So…here’s my attempt at interpreting my great-grandma Watkins’s beautiful but illegible handwriting. The more readable writing at the bottom of the note is from my grandpa Jim, who inherited this recipe from his mother and makes these bad boys like no one else.

4 cups flour

1.5 cup sugar

2 tsp. baking powder

1 tsp. salt

2.5 tsp. nutmeg / 1/2 tsp. cinnamon

1/2 box of currants or raisins

1.5 cup shortening

Makes 48 cakes.

Mix all dry ingredients. Then, add 2 beaten eggs. Fill cup with milk. Then [flavored? illegible] currants. If sticky, add a little bit of flour. Roll out to about 5/16″ thick; cut to about 2.75″ diameter (in my opinion, the thinner the better, but tastes vary). Fry on electric skillet until golden (don’t bake them! Grandpa Jim was wrong!) at about 300 degrees. 

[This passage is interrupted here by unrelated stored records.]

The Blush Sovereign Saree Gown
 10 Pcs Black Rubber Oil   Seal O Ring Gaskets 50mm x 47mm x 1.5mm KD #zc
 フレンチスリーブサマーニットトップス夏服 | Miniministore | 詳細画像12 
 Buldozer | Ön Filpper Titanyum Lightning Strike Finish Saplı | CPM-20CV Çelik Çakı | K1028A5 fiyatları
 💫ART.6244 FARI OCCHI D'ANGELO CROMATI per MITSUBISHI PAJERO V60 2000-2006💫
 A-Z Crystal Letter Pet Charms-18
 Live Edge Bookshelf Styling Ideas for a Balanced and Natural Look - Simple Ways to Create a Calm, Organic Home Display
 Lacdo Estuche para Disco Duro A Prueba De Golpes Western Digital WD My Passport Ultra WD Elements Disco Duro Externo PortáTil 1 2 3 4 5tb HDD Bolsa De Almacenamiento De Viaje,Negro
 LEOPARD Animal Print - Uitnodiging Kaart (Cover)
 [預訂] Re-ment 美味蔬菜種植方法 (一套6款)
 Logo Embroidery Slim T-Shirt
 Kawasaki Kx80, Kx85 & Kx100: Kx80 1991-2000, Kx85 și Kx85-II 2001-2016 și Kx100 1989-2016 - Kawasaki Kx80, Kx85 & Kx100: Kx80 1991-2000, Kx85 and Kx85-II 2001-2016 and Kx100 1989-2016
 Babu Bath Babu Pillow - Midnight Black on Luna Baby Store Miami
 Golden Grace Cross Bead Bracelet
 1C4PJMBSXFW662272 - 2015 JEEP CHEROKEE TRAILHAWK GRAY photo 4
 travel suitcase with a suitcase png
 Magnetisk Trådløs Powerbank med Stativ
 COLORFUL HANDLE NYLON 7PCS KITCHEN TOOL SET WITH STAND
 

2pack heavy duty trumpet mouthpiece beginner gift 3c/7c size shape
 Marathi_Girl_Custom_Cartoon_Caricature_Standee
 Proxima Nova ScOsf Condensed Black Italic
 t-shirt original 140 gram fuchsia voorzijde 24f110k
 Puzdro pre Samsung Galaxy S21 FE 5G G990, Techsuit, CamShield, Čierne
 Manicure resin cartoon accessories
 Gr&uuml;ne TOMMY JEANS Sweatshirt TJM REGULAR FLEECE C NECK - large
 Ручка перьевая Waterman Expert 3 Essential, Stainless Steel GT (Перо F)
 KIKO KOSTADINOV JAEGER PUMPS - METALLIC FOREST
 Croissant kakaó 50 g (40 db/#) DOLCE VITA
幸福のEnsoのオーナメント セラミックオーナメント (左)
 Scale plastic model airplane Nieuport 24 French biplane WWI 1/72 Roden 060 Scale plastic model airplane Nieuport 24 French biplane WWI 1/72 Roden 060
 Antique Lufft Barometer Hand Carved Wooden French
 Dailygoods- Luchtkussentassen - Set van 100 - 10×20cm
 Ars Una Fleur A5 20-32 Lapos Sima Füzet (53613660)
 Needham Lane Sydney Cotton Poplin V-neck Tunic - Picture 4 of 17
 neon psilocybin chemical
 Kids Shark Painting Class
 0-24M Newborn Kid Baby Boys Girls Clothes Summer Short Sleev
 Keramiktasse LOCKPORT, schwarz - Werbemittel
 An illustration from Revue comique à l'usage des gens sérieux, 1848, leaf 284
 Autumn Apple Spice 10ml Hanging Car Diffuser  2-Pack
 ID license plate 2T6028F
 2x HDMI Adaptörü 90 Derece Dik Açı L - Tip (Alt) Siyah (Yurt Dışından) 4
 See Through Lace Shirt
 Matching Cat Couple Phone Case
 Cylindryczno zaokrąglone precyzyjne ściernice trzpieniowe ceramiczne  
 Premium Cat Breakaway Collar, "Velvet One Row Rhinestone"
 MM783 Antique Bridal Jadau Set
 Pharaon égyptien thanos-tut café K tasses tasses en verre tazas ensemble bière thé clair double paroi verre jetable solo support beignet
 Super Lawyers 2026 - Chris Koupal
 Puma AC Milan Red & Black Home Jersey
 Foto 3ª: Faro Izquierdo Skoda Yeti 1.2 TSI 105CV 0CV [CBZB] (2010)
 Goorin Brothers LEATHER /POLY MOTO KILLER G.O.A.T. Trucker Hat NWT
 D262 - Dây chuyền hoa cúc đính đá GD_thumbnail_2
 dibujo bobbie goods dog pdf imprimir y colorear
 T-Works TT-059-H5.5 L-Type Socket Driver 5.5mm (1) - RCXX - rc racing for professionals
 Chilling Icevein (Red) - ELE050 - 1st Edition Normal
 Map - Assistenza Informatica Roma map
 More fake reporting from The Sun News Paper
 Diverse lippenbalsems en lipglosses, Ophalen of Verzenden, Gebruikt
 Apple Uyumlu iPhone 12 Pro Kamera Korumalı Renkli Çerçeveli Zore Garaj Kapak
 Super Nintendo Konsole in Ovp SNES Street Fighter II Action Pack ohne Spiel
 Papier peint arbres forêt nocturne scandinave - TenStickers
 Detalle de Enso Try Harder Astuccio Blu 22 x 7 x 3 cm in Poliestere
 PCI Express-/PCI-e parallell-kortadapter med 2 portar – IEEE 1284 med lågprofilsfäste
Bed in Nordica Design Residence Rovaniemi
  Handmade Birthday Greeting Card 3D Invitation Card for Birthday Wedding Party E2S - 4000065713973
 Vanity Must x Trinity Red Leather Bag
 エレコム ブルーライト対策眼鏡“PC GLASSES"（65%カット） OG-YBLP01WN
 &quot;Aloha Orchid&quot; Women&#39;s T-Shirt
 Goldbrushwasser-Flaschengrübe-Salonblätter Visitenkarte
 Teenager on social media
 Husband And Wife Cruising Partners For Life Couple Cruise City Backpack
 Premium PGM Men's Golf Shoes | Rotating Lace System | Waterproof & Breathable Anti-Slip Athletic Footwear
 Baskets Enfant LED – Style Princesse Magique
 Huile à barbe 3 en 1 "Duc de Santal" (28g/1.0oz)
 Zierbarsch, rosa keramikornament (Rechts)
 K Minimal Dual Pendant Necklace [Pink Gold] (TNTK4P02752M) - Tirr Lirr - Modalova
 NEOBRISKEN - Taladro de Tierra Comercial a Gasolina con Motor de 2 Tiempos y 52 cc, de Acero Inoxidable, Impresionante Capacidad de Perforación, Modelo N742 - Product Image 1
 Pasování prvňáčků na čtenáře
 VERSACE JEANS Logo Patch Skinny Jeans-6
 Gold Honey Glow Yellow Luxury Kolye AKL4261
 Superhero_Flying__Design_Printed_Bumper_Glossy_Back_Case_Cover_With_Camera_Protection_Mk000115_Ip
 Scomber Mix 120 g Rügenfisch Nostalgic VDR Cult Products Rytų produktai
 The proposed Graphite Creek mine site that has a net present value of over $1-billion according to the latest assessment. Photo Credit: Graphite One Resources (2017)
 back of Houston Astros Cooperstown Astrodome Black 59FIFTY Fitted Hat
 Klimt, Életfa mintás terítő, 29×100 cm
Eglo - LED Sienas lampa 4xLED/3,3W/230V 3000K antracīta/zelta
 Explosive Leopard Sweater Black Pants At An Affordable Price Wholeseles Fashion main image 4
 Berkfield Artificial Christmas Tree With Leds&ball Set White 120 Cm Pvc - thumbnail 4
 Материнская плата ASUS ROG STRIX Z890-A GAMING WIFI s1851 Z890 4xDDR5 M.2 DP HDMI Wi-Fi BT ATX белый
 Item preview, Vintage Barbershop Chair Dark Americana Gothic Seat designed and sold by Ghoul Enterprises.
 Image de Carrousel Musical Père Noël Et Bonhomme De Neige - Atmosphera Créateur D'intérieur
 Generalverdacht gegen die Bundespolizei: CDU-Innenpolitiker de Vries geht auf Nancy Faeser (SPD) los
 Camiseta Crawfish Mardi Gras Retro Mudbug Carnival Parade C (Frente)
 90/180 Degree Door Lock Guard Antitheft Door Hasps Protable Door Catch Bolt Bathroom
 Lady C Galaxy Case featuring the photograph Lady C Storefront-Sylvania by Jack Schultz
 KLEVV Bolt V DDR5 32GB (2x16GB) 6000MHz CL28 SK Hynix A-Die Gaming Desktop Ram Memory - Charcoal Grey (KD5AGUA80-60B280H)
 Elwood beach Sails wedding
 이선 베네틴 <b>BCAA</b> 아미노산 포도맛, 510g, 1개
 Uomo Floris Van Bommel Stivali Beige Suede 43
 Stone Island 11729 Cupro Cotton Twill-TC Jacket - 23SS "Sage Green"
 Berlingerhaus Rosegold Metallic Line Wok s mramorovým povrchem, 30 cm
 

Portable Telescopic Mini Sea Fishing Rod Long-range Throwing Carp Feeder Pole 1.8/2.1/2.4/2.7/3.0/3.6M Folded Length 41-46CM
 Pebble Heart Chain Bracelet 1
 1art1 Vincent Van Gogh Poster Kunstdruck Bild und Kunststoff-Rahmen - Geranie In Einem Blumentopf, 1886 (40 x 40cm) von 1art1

Traditionally, the recipe calls for lard instead of shortening, but my family tries to be a bit more cruelty-free.

What I’ve given you here is basically the standard variety of Welsh cake, but traditional recipes vary based on region. My family originates from the coal fields of Glamorgan and cwm Rhondda, which is in the extreme south of Wales, and there, homemade berry jam is added on top of the cake as a teatime staple!

What I love about the concept of a “Welsh cake” is that, in reality, it’s pretty similar to most griddle cakes made in the U.K., but Welsh people are so insistent that this is a Welsh thing, and literally call it a *Welsh* cake — it’s a pretty wonderful assertion of identity through food.